The day turned out to be nothing like I would have expected. I was never supposed to have met her, let alone talk to her. But we talked. Candidly. Some would say that such openness in a conversation will only occur between people who know each other inside and out. The intimate relationship that spins from a life-long partnership. But it does not work like that, not at all. On the contrary, it was the anonymity that made us bold. Made me bold. Had me throw myself into an intimate discussion; totally frank, completely honest. I do not think that I had ever before used the word 'masturbate' in a conversation with a woman. In any conversation. But to tell her about my daily routines did not bother me at all. And her question -- her request -- did not appear strange or unnatural but quite appropriate. Right there, right then, I never once reflected upon the alternative: to say no.

"Come to my studio!"

A night's sleep and time to think during a long walk through town did have a somewhat sobering effect on me though. I cannot honestly say that I did not invent a hundred reasons to not show up at her studio that morning; asked myself a hundred times what the hell I was doing. After all, accepting an invitation to masturbate in front of a complete stranger, most people would agree, is not the normal thing to do. Friends, family, loved ones -- what would they think if they would ever find out? Would I live to experience the shame or would I end up on the wrong side of an ice-pick before the day was over? I had to suppress a certain anxiety over her possible coming out a man-hating, serial killer.

I had a hundred reasons to just turn around and skip the whole thing. Only one reason not to: I wanted to follow this through. I was desperate to see where it would take me. Notwithstanding my desperation, I could, however, not really see the reason for my eagerness.

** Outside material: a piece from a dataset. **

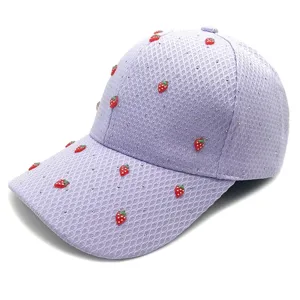 Purple mesh waffle baseball cap with rhinestones and cute 3D strawberries, summer sun hat.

Attraction? Sure. Are there such things as soul mates? This was as close as I had ever come to meeting one. The night before, I had felt that I knew her inside and out and that she knew me. We seemed to be able to anticipate each others' thoughts yet constantly surprise each other. The stimulation I had felt was immense.

And I did like the way she looked although life had not blessed her with either feminine curves or a typically pretty face. But she was athletic and it added nicely to her slightly aggressive nature and boyish charm. I could not decide if I thought that she had picked her name, Robin, to fit her appearance or if she over the years had adopted features that would fit the androgynous name. Childishly, I tried to calculate the odds of scoring with her. I mused myself with the notion that 'half way in' could never be a more appropriate expression if one party was already naked, aroused and working a rigid erection.

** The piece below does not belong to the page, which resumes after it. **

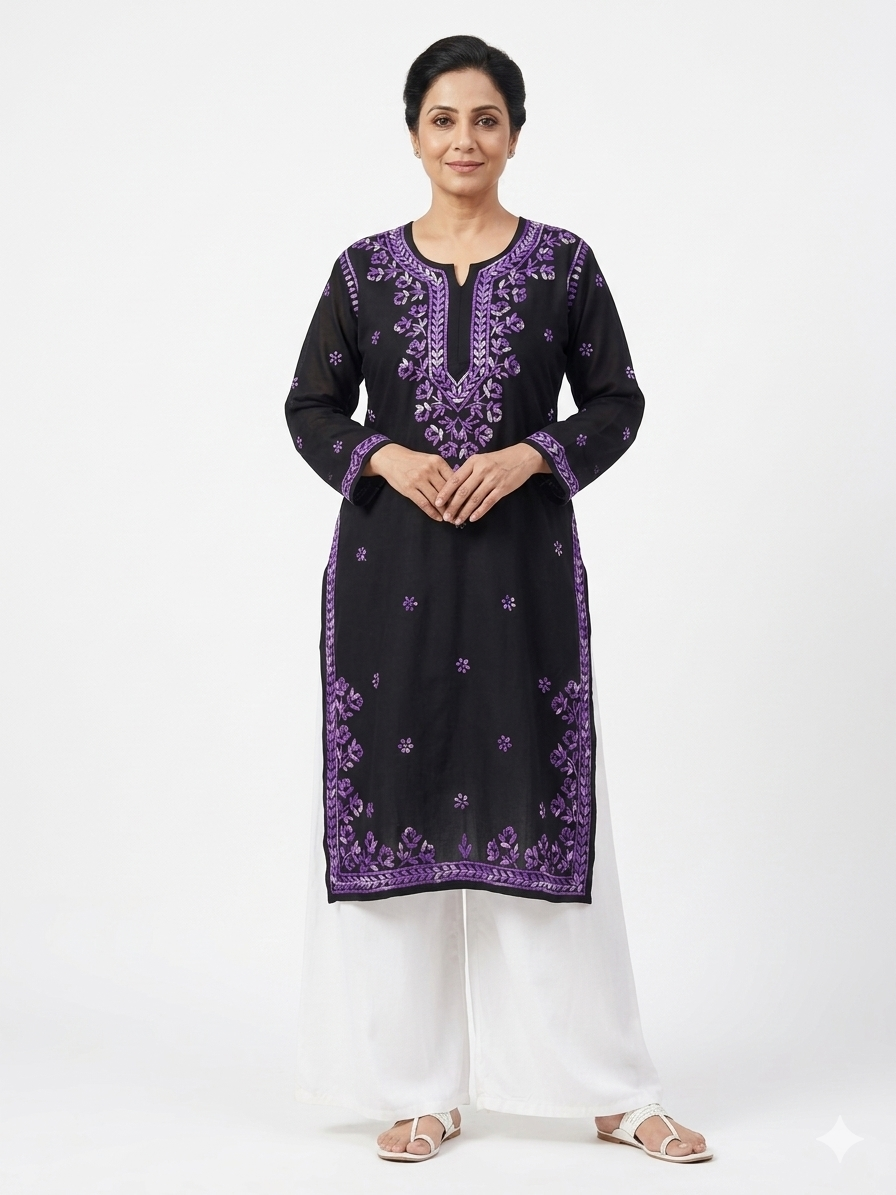Rayon Colour Thread CHikankari Kurta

Curiosity? I was still curious about her. Despite our open-heart conversation the night before I sensed that there were areas that I she hid from me. I had learnt the name of her first boyfriend as well as girlfriend, her preferred positions and places for sex, and I knew that she had made an abortion at the age of sixteen. But there was more -- must be more -- to her than had met my eye.

And yes. I was curious as to my own fascination of the idea -- to masturbate in front of her. The thought had never, ever, occurred to me. Yet, now it was magnetic. I had to follow this through.

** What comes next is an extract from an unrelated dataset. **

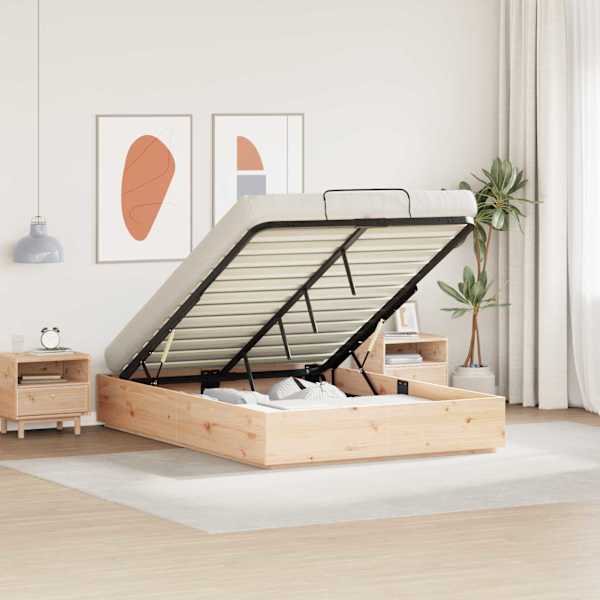 Panipaigaga voodiraam, naturaalne, 120 × 200 cm — mudel 3418747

"Good morning. You are late. I didn't think you'd come."

"I can leave if you want me too."

"Why did you come then?"

"I want to."

"Do you really know what it is that you want?"

"I do know that I want to masturbate in front of you. I don't know what I want after that or where it will bring the two of us, but I do want to do this."

"If I tell you that it won't bring us anywhere -- that we'll probably never see each other again -- will you change your mind?"

Suddenly I felt cold. My limbs felt like if they were drained of blood. Despite the chill, I felt sweat break through on my back and under my arms. Could it be that this was a prank? Would the guys break out from inside the studio and mock me now?

If it was instinct or lust I do not know but the uneasiness lasted for only a second.

"No, I won't change my mind."

She immediately became relaxed, the way I remembered from the day before. The realization that she had perhaps been even more nervous about this than me comforted me a bit and at a hearty "C'mon in" I briskly walked in through the open door. I was starting to feel the return of the almost magic connection that I had felt with her the previous evening.

Although I never had visited a professional photo studio before, Robin's place looked pretty much like I would have expected: sort of hair stylist meets computer freak meets rock star. Mirrors, stylist's chairs, fashion magazines, computer equipment and lights -- lights of all colors and shapes. It was a mess, but a classy mess that seemed to be designed to perfection. A quick check-up on the internet had informed me that Robin and her colleague Richard ran a posh agency that made company executives look good in their annual reports and magazines. It had surprised me a little -- it was not quite the kind of customers that I would have expected -- and it had impressed me a lot. Nevertheless, I had found no evidence of nude photography, let alone erotic pictures. I still was not sure if that was a surprise or not.

"My partner isn't here. We work a lot in the field."

She opened a door at the end of the studio leading to an adjacent room.

"Welcome to the Atelier du Soleil!"

"Elvis fan, huh?"

She looked a bit puzzled for a brief moment but it did not take long before she laughed.

"Sun Studios? Damn it, I've never thought of it! It was just a name I saw in a magazine when I was a kid and it has stuck with me over the years. When I finally set up my own workroom with not so much as a single window, I thought I had the perfect name. Any lights in here must be brought by the artist so my not so humble me decided that I'm the sun and this is my atelier."

When she turned on the lights to the Sun Studios, a sudden sensation of emptiness startled me. The light was dim, but the simple furnishing of the small room was clear enough: a black leather divan housing a couple of pillows standing against one of the walls and an office chair against the opposite wall, right beside another door that was closed. Remembering what I was about to do quickly shifted the way I felt though, and a bit to my surprise the sterile appearance of the room woke feelings of arousal.

"Here!"

She handed me a white hotel-style robe and guided me towards the divan.

"I don't want you to catch a cold -- it'll take a couple of minutes before I've rigged the gear. Just take off your clothes and sit down." She pointed at the closed door. "There's the bathroom if you need to freshen up or... something."

"Rig the gear...?"

She just smiled mischievously and walked out to the main studio. Once again I felt a bit uneasy. Considering her profession, the gear could only mean cameras (any alternative seemed even more frightening) and I was not quite sure that I would be prepared for that. But half-undressed, I decided that I had already made up my mind. When she returned, pushing a cart loaded with several video cameras, lights and other equipment I could not recognize, I sat undressed on the divan with the robe in my knee.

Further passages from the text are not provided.